Respect. We all want it and we know we have to earn it. For women who live in patriarchal societies, who have never been given a chance to learn and who grapple each day with the crushing burden of extreme poverty, that can be quite a challenge. It doesn't mean they crave respect any less.
Furaha Borive, a 40-year-old from eastern Democratic Republic of Congo, has now got it. And that may be the greatest gain from the tailoring program she signed up to a year ago.
Furaha's husband is a teacher, but his salary did not stretch far enough to cover the family's needs. Last year, Furaha decided to take matters into her own hands and enrolled in a tailoring class run by emerge poverty free in partnership with the Bunia Children's Hope Center and The Aspire Foundation.
"I have already opened my own shop and started sewing clothes for customers," said Furaha. Now, she helps cover the household costs, and sews clothes for her four daughters, her mother and herself. But there is something else.
"This has given me some power in the family, because before I had to wait to get everything from my husband. These days, my husband gives me much respect because I am helping him by covering some of the family's expenses," she said.
Furaha's experience goes to the heart of the link between development and gender equality.

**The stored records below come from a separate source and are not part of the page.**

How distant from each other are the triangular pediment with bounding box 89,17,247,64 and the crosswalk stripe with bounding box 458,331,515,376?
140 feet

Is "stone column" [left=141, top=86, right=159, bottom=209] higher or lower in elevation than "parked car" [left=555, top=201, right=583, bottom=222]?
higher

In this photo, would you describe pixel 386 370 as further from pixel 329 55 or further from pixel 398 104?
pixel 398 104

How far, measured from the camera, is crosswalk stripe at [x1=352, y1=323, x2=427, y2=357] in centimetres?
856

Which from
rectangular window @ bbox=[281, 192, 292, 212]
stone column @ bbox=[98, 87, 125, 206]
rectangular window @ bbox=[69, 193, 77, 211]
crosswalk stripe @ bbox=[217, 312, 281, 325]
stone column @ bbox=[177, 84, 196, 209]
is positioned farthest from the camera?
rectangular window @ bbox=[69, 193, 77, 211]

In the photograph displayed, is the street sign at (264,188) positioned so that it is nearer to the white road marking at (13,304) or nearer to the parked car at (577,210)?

This year, Global Entrepreneurship Week from November 17 - 23 is driving a worldwide movement to engage and support female entrepreneurs, like Furaha. It has designated November 19 as Women's Entrepreneurship Day to celebrate, engage and empower female entrepreneurs. The idea is to promote female entrepreneurship and focus attention on female development and empowerment to help strengthen the ecosystem as a whole.
At emerge poverty free, we have seen the effects of this empowerment on the ground in East Africa, where we run a variety of projects to educate and train women, working closely with local partners like the BCHC in eastern DRC.
The people living in this area -- just 40 km from the border with Uganda -- have paid a heavy price for years of conflict over the region's rich resources. The tailoring project aims to give women a chance to move beyond a hand-to-mouth existence that is both precarious and soul-destroying.
To start with, there were 15 hand-operated sewing machines -- more efficient than electric ones in a region where power cuts are frequent -- and 50 women signed up for training. Since then, 20 more machines have been purchased.
The potential of women entrepreneurs is enormous: The International Labor Organization says that there are 812 million women in emerging and developing countries who could contribute more to their economies. That's an amazing number and a powerful force if these women were trained, financed and encouraged to take the organizational skills that keep their families going to another level.
The impact of women's empowerment on development goals is a given: If women are educated, child mortality rates often fall, school enrollment rates increase and poverty levels drop.
In Bunia, the tailoring course has helped women build on their natural skills for entrepreneurship in a region where the state is largely absent and where doing business is a necessity. The training offered gives these women choices, and a chance to expand.
Esperance Mamila was already selling second-hand clothes before she did the training course. Her husband had given her some money to start her business.
"Normally when I bought the second-hand clothes from the shop... we often got clothes in big sizes, which people cannot wear here in Bunia. I used to put the big clothes aside for the tailor to repair. But the expense made me lose a lot of money. Now since I have finished my training, I am able to repair the big clothes... This has helped me increase our family income a lot," the 57-year-old mother-of-six said.
Sub-Saharan Africa has the highest number of female entrepreneurs in the world. According to the World Bank, around 63 percent of women in the non-agricultural labour force are self-employed in the informal sector. That's twice the worldwide rate.
In Bunia, emerge poverty free and BCHC also fund and organize the Women in Development Program, building on this natural trend for entrepreneurship.
Women who have taken orphans into their homes under BCHC's foster program are taught numeracy and basic business management. When they graduate, they go on to work with BCHC to manage a savings and loan program. Women use the loans to buy fruit, vegetables, fish, flour or farming supplies. Sometimes, they use the money to buy iron roofs for their homes,
small plots of land, or to pay school fees.
Across East Africa, emerge poverty free aims to harness this incredible energy to help people help themselves. We believe in giving people the skills they need to lift themselves out of poverty. We don't wear rose-tinted glasses and so we know it will not happen overnight. But we are in these communities for the long-haul. We try to address multiple problems at the same time to create a holistic, small-scale, grassroots-led approach to tackling poverty.